Despite her vow to hold her heart close, to avoid the risk of having it be wounded again, her feelings for Dan O’Halloran had gone far past cousinly.

 

Like most of the doctors she’d met over the years, Ida had never expected any of the illnesses she’d treated to ever happen to her. Logically, she knew that a medical degree didn’t come with some invisible shield, but the simple fact was that she quite honestly had been of the belief that things like heart attacks, burst appendixes, cancer, and strokes happened to other people. They wouldn’t happen to her.

Well, so much for that theory, she considered as she looked out the window at her little piece of sky and the small rectangular view that had been her entire world for the past eight days.

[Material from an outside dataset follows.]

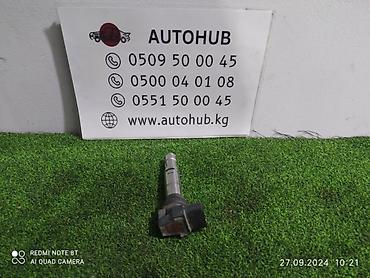 Катушка зажигания для Volkswagen Polo (кузов 9N, двигатель BUD), год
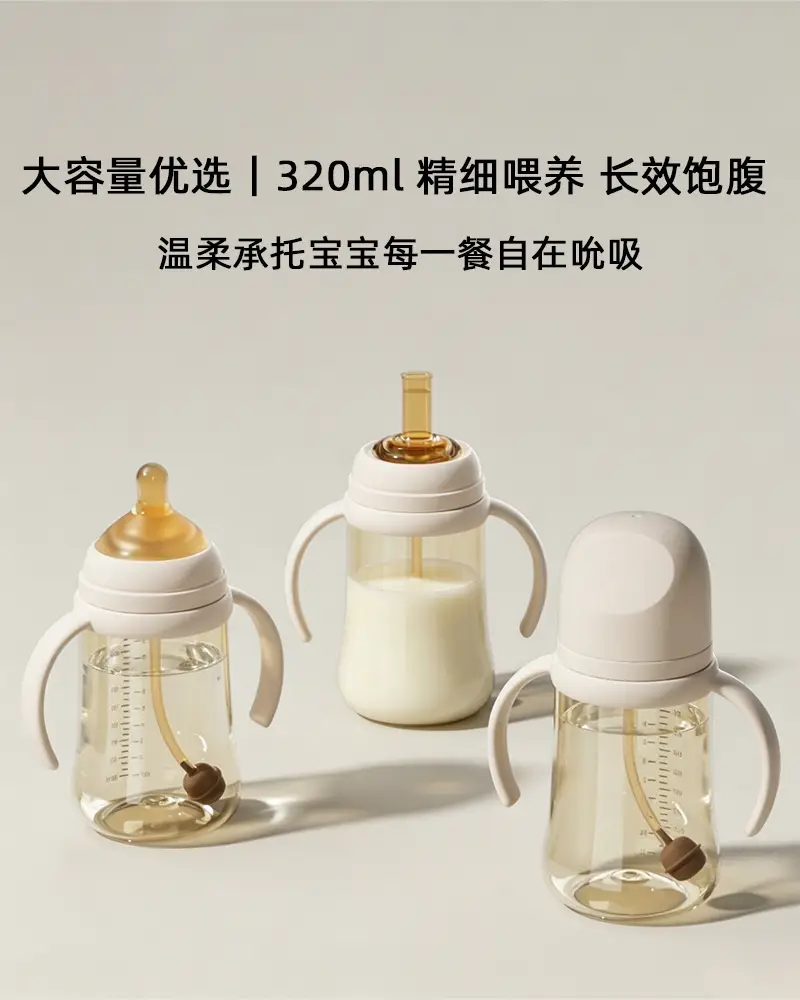 Ppsu Baby Bottle for Newborns, 0-6-12 Months and Above, Anti-Colic, Drop-Resistant, Three-In-One Growth Weaning Bottle — feature 1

She knew she was fortunate that her motor skills weren’t terribly impeded. The physical therapist, a huge black woman who could made Genghis Khan seem warm and fuzzy by comparison, but who Ida knew was sincerely dedicated to getting her back on her feet, had assured her that if she kept up the hard work she’d be out of her wheelchair in a month.

That prospect had been enough to keep Ida from slugging her this morning when it felt as if she’d jerked her shoulder out of its socket during her range-of-motion exercises.

She
was
getting damn frustrated at not being able to get her thoughts across. She’d tried communicating by writing on one of the yellow legal pads with a fat rollerball pen Raine had brought her, but while she thought she’d been forming the words just fine, all that the others could see was a squiggly black line that Ida reluctantly admitted looked as if it had been scribbled by a baboon.

Her speech therapist was a sweet little girl, patient as a saint. Kathi Montgomery had suggested that she try to draw pictures, which, while she didn’t have to worry about being acclaimed the next Grandma Moses anytime soon, did help get simple points across some of the time.

But Ida didn’t like using the drawings because it was like admitting she might never speak again.

That wasn’t an option.

That very first day, when the fog had cleared long enough for her to have figured out exactly what was happening to her, Ida had realized that she had two choices. She could just lie here, thinking that her life was over, that she was already a goner, so she might as well just die and free up the bed.

Or she could fight like hell.

This meant that there was really only one choice.

She was dozing when she became aware of someone else in the room, which wasn’t all that surprising. This place was like Grand Central Station with the bright lights, people coming and going at all hours of the day and night, always poking and prodding and asking detailed questions about personal bodily functions that she’d always preferred to keep private.

She opened one eye, ready to snarl at that obnoxious nurse who continued to call her by her first name and talked baby talk to her, as if she were some drooling infant who couldn’t understand proper English. After the penlight incident, Ida had vowed that she would not die.